She would probably still have a job.
From a ruling that just came down today Galloway v. State. I’m not familiar with the case, but what we should find interesting is what soon-to-be-former Chief Justice Ternus and Justice Mark Cady wrote in their dissent:
Courts are, at times, capable of deciding legal issues based on public policy. These times, however, occur when the public policy is clear and apparent. See Fitzgerald v. Salsbury Chem., Inc., 613 N.W.2d 275, 283 (Iowa 2000) (“The need for clarity in public policy is . . . recognized in our reluctance to search too far beyond our legislative pronouncements and constitution to find public policy to support an action.”). Otherwise, public policy is best left to our legislative branch of government to decide as representatives of the people. The question whether it is imprudent as a matter of law for a parent to waive legal liability on behalf of a child as a condition for the child‟s participation in an educational field trip is a matter for the legislature, not judges. If the subject of parental field trip waivers has surfaced in this state as a matter of public concern, the legislature can properly examine the issue and take any appropriate action. (emphasis mine)
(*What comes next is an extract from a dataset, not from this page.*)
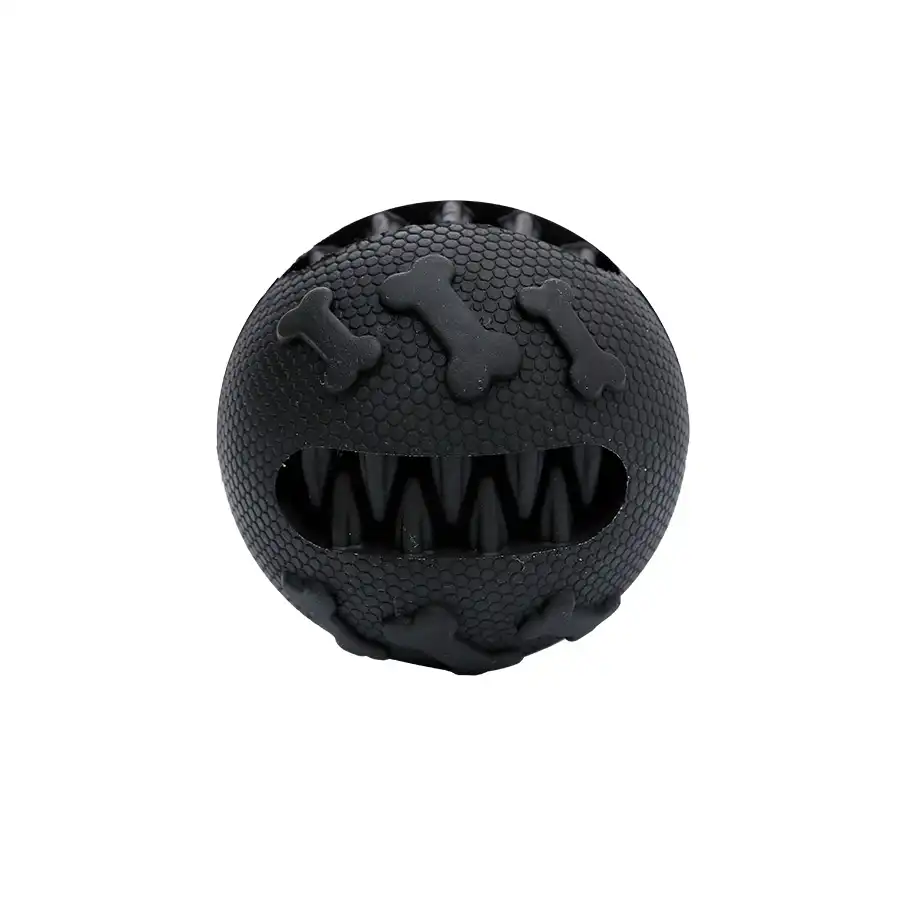 Wow Gum Training pelota negra para perros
Isn’t this what we’ve been saying about Iowa’s Defense of Marriage Act? What makes a public policy clear? Well I guess it was clear in that DOMA was passed. If the issue discussed was best handled legislatively why not the definition of marriage – which they already had.
Let’s be clear public policy is always best left to our legislative branch to decide as representatives of the people. Now it’s time to remind Mike Gronstal that he does represent us, and that Iowans made their will pretty clear in the matter.
Anyway, if Chief Justice Ternus dissented on the DOMA ruling in the manner she dissented on Galloway v. State, I would have been happy to vote yes on retention because then I would have some confidence she understands her proper role. Too little, too late I’m afraid.